Alberto Moyano
El enésimo positivo por dóping de una estrella bicicletera en pleno
Tour de Francia proporciona una magnífica ocasión a los responsables de
la carrera y a los dirigentes del ciclismo mundial para emular a los
padres de las ‘sitcom’ americanas cuando descubren que su hijo
adolescente fuma porros: primero, castigan con dureza y luego,
compungidos, se preguntan: «¿En qué hemos fallado?».
«En todo», es la respuesta obvia. La experiencia demuestra que el
pelotón internacional se divide en tres grupos: los que no se dopan
–carne de cañón–, los que han sido pillados dopándose –estrellas
efímeras– y los que se dopan sin que les pillen –potenciales miembros
del anterior grupo–. Existe incluso una escuela de pensamiento que
aboga por hacer la vista gorda en estos casos y dar por supuesto que el
que gana es siempre el mejor, puesto que el dopaje es un fenómeno
universal que iguala en oportunidades a todos los contendientes.
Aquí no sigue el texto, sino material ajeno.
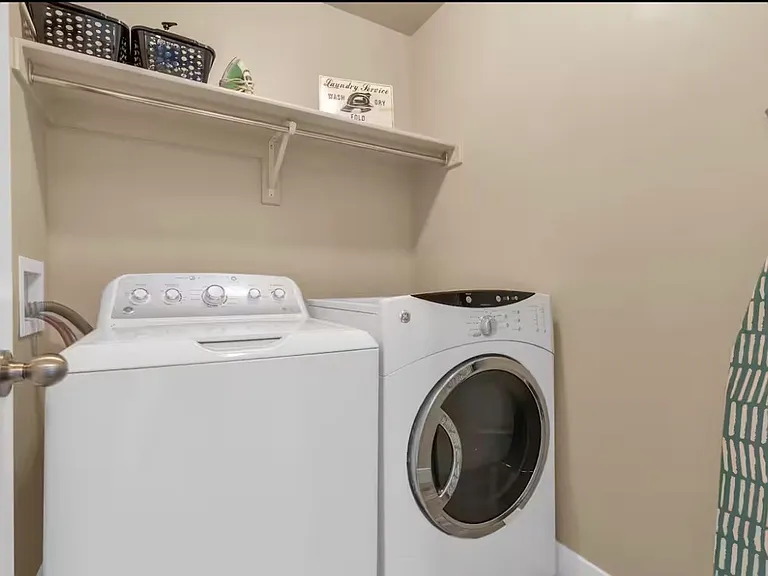 45 E 460 N — Photo 19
El kazajo Alexander Vinokúrov puede presumir al menos de no haber
ingerido sustancia dopante alguna, sino que se hizo una
autotransfusión. Los glóbulos rojos hallados en su sangre eran de dos
tipos diferentes, pero al menos eran todos suyos.
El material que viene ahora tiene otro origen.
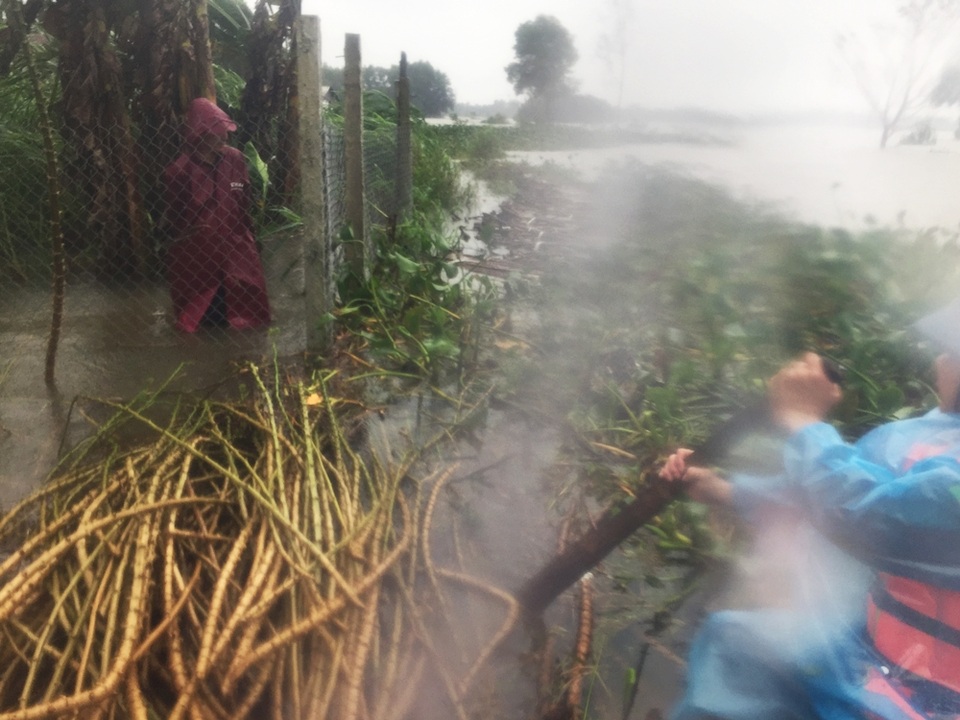 Công tác tiếp tế lương thực cho bà con vùng lũ gặp nhiều khó khăn do mưa to gió lớn trong chiều 15/12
Hoy, se disputa la etapa reina del Tour, pero resulta cada vez más
complicado mantener sin sonrojarse aquellos tópicos periodísticos de
los ‘esforzados de la ruta’ y la ‘serpiente multicolor’, cuando la
realidad parece demostrar que no compiten tanto los mejores equipos
como las últimas innovaciones científicas en materia de sangre y orina.